▶ Data records:
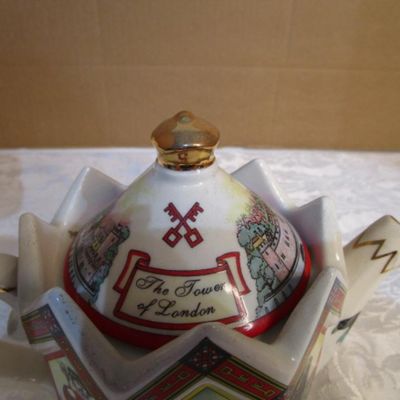 Sale Photo Thumbnail #738: In new condition, Would make a great Christmas gift, see pictures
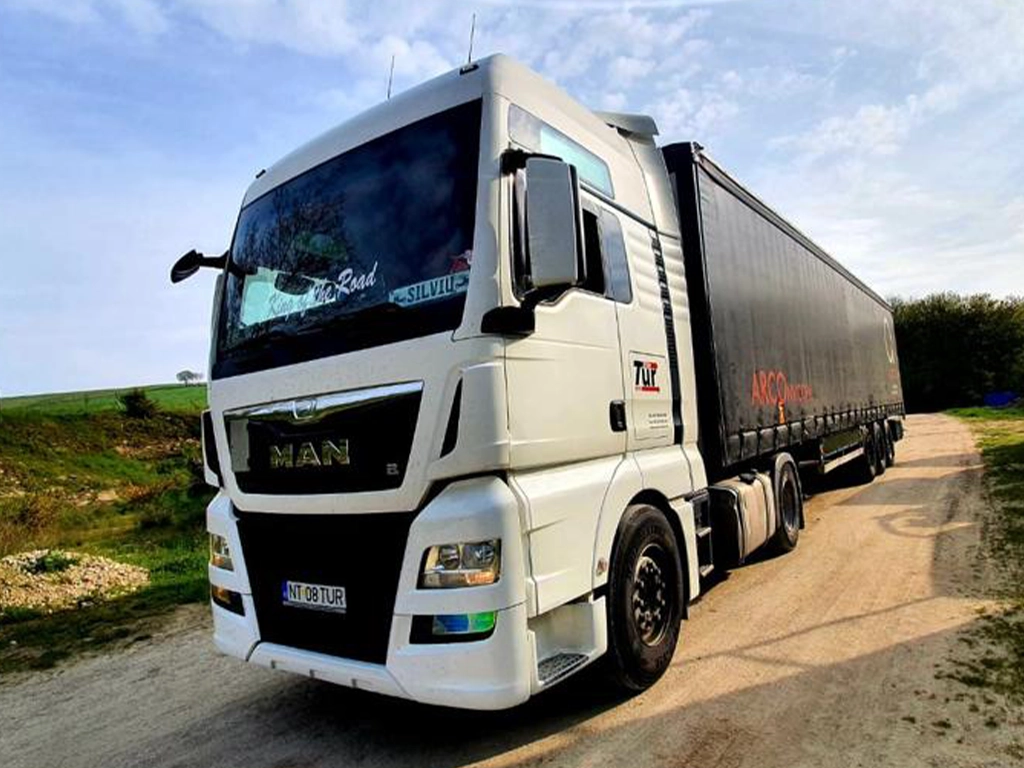 ansamblu camion MAN si semiremorca cu prelata pentru transportul de marfa generala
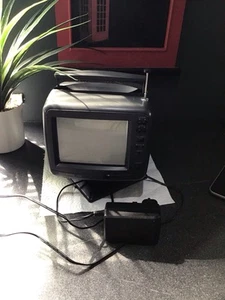 GOODMANS C530 RETRO CRT 5" MINI TV MONITOR TESTED WORKING AV INPUT. Working ⭐️ - Picture 1 of 9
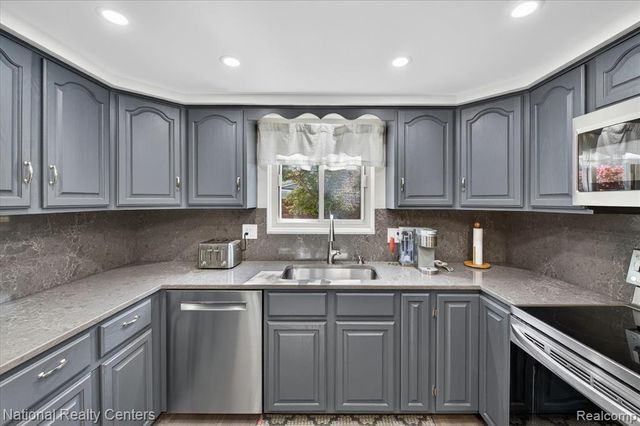 35037 Ellen Court, Livonia, MI 48154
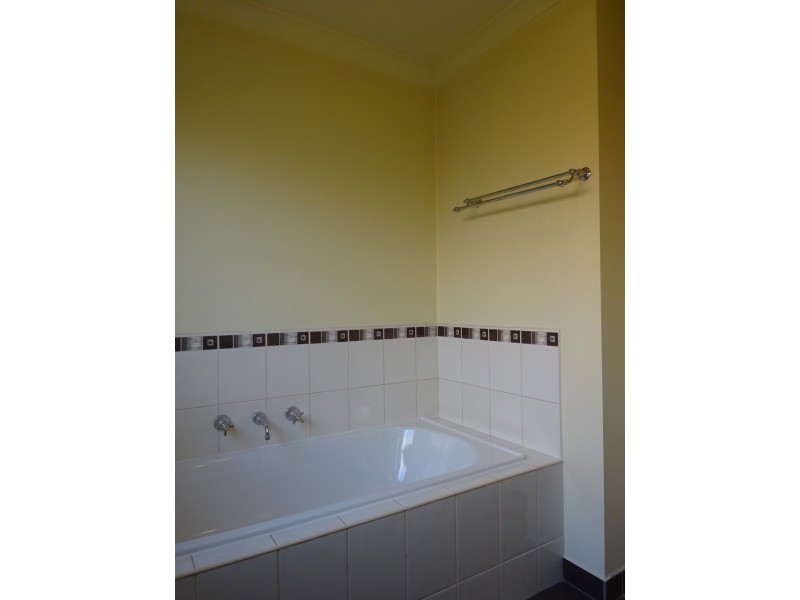 72 Baden Powell Drive, Tarneit VIC 3029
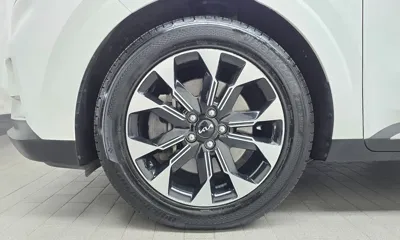 Kia Canival 2023, 98958 км, за 16225.15 USD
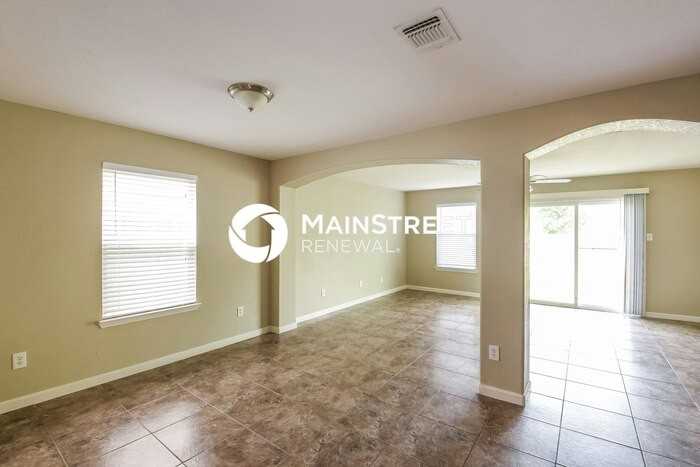 10830 Indigo Crk - Photo 3 of 17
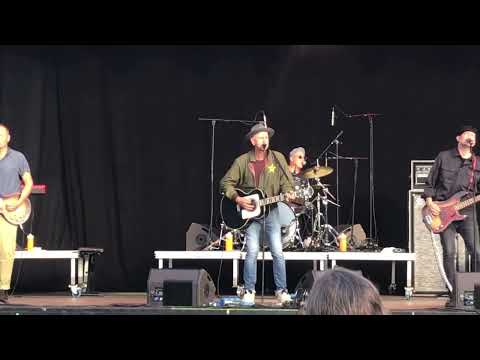 Per Persson & Nya Packet - Tusen dagar härifrån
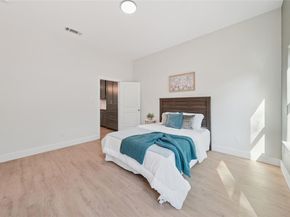 828  Stamps Avenue , Fort Worth Texas 76114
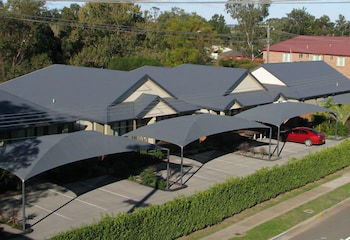 Francis Phillip Motor Inn - New Castle Holiday 0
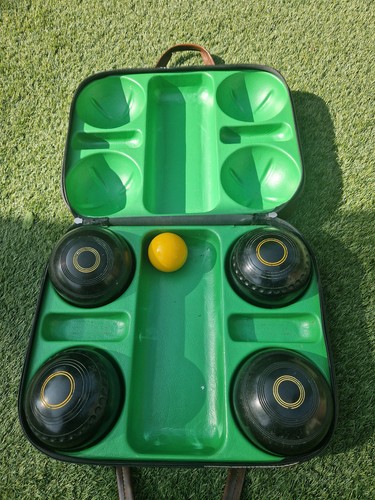 Flat green bowls with - green, bag
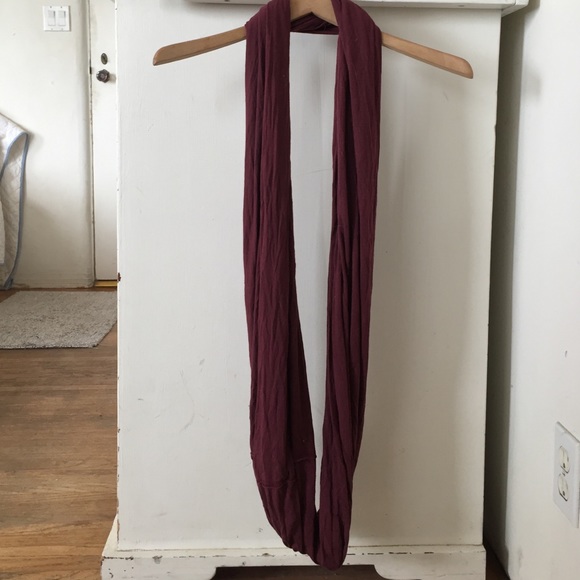 Brandy circle scarf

▶ What is needed:
Only the lines from the one with "10830 Indigo Crk - Photo 3 of 17" through the final line of the data should be written out, exactly and including both ends. Skip the pictures.

▶ Response to the task:
 10830 Indigo Crk - Photo 3 of 17
 Per Persson & Nya Packet - Tusen dagar härifrån
 828  Stamps Avenue , Fort Worth Texas 76114
 Francis Phillip Motor Inn - New Castle Holiday 0
 Flat green bowls with - green, bag
 Brandy circle scarf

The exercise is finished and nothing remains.